The Mainland Affairs Council (MAC) yesterday denied that two top former officials affiliated with the Chinese Nationalist Party (KMT) have been forced out of their positions as board members of the Straits Exchange Foundation (SEF), saying that the two had “resigned in recent days.”
The resignation of former MAC minister Su Chi (蘇起) and Central Daily News Online chairman Chang Jung-kung (張榮恭), who is a former deputy secretary-general of the KMT, was reported to the foundation’s board of directors and supervisors at a meeting on Friday, according to the MAC, the Cabinet-level agency responsible for Taiwan’s China policy.
The council thanked Su and Chang for their support and said it respects the foundation’s handling of the resignations.
Their replacements are to be elected at upcoming board meetings, the council said.
The council said that the two former board members were not forced to leave the SEF by the Presidential Office, as has been reported.
Su had also served as secretary-general of the National Security Council, the president’s deputy secretary-general and deputy director of the KMT’s former working group on China affairs.

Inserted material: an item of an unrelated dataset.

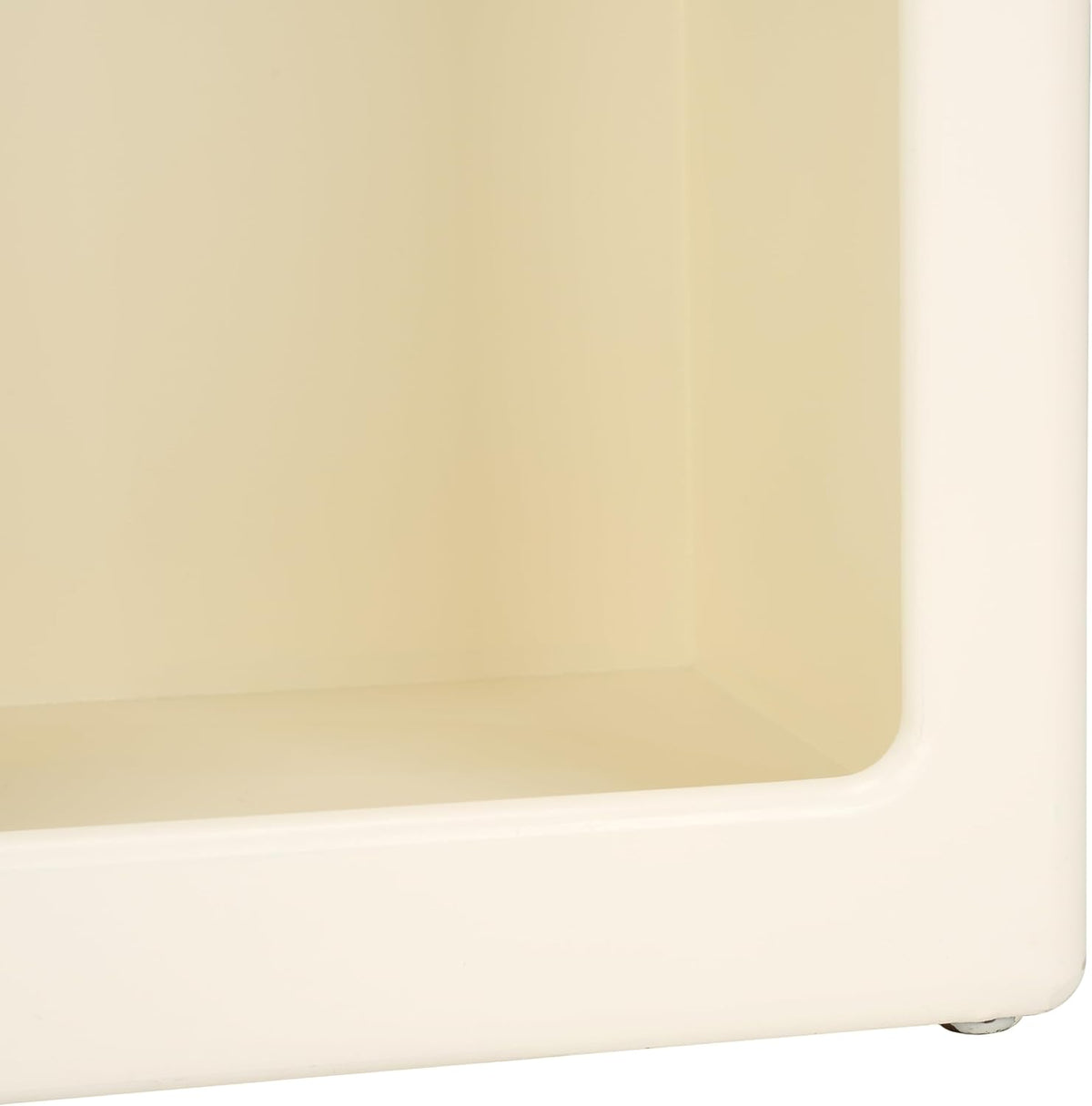 Nefeli Ivory Geometric Console Table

He has been chairman of the Taipei Forum, a non-partisan think tank, since 2011.
Chang was director of the KMT’s Mainland Affairs Department.
The KMT and the Democratic Progressive Party (DPP)-led administration have different stances on Taiwan’s relations with China. The KMT supports the so-called “1992 consensus,” while the DPP rejects the consensus.
The “1992 consensus” — a term Su admitted making up in 2000 — refers to a supposed tacit understanding between the KMT and the Chinese Communist Party that both sides acknowledge there is “one China,” with each side having its own interpretation of what “China” means.